Can I Fire My Workers' Compensation Lawyer in Pennsylvania?
There are many things to consider when you have become dissatisfied with your lawyer's representation.
How is a Workers' Compensation Lawyer paid?Workers' Compensation lawyers are paid through contingent fees. A contingent fee is one that is contingent on certain events occuring. If those events do not occur then there is no fee. In Workers' Compensation, there are three contingencies that trigger the attorney's right to a fee. The first contingency is if the lawyer obtains benefits on your behalf. This usually occurs when the claim is initially denied and the attorney is successful in getting a judge to award benefits. The second contingency occurs when the insurance company challenges your right to ongoing benefits and your attorney is successful in defeating the challenge to your benefits. The third contingency occurs when your attorney successfully negotiates a lump sum settlement of your claim in exchange for a release of your benefits. The contingent fee in Workers' Compensation cases is typically 20%.

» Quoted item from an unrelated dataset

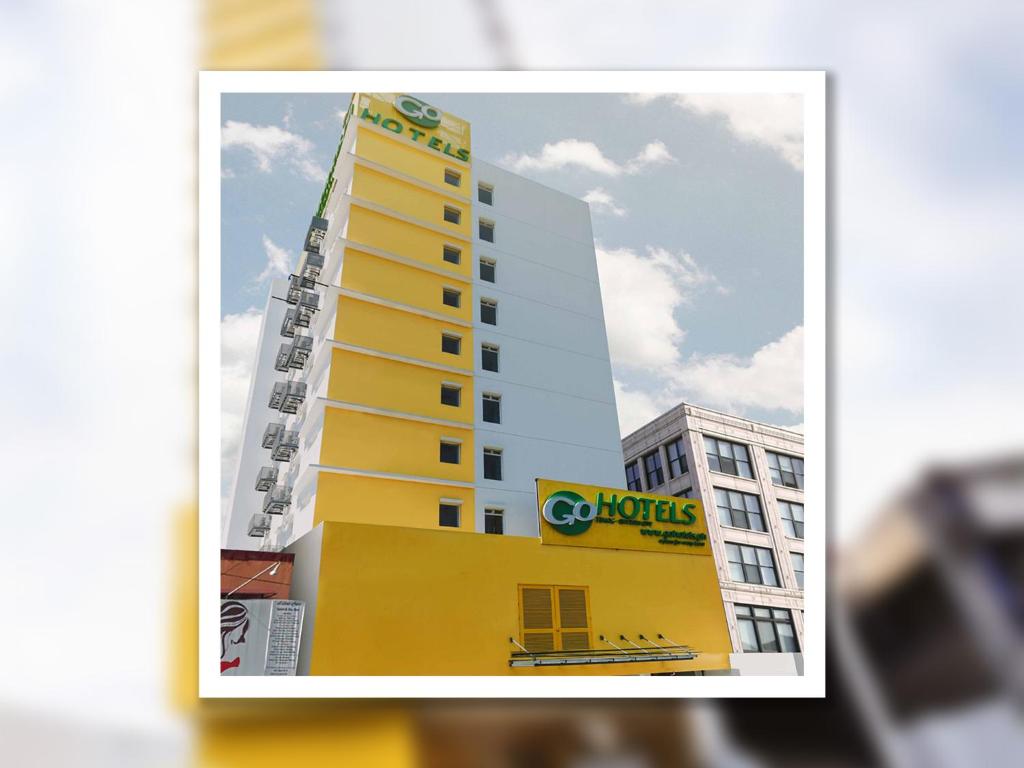 Go Hotels Timog في مانيلا: مبنى أصفر طويل مع علامة كوبرز عليه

When should I consider changing Workers' Compensation lawyers?Several factors go into making this decision. First of all, if your attorney is not responding to phone calls, email, letters, etc and you have tried to deal with this by sitting down with the lawyer then you should not hesitate to get a new lawyer. If you feel that your lawyer does not "believe" in your case you should consider obtaining new counsel. However, simply because a lawyer is not telling you what you want to hear does not mean that they are not doing their job. A lawyer must explain the pros AND the cons to your case so that you can make an informed decision regarding how to proceed. Lastly, if your lawyer is unwilling to spend the money to support the litigation in your case then you should consider new counsel.
What are the consequences of firing my lawyer?The first thing you need to do is read your contingent fee agreement. Typically, if your attorney has already done work that entitles him or her to an ongoing fee, they will continue to receive that fee until they agree to give it up or until a new lawyer does work that triggers his entitlement to the fee. Under no circumstances are you responsible for paying more than 20%. Sometimes the lawyers agree to split te 20% in some fashion but that does not affect what you are paying. In addition to the fee you msust also consider the costs. Most contingent fee agreements require the client or the client's new attorney to reimburse prior counsel for any fees he incurred. Make sure your new lawyer is aware of any outstanding costs before you decide to switch lawyers. Some contingent fees set forth an hourly rate that is applied to work the attorney has done and can be used to support an entitlement to fees that is called "quantum meruit". Howver, keep in mind that all fees in a workers compensation case MUST be approved by a judge.
How do I proceed with firing my lawyer?First of all, you should consult with new counsel before you fire your existing lawyer. Next, you should discharge your lawyer in writing and request the contents of your file. You are entitled to the file.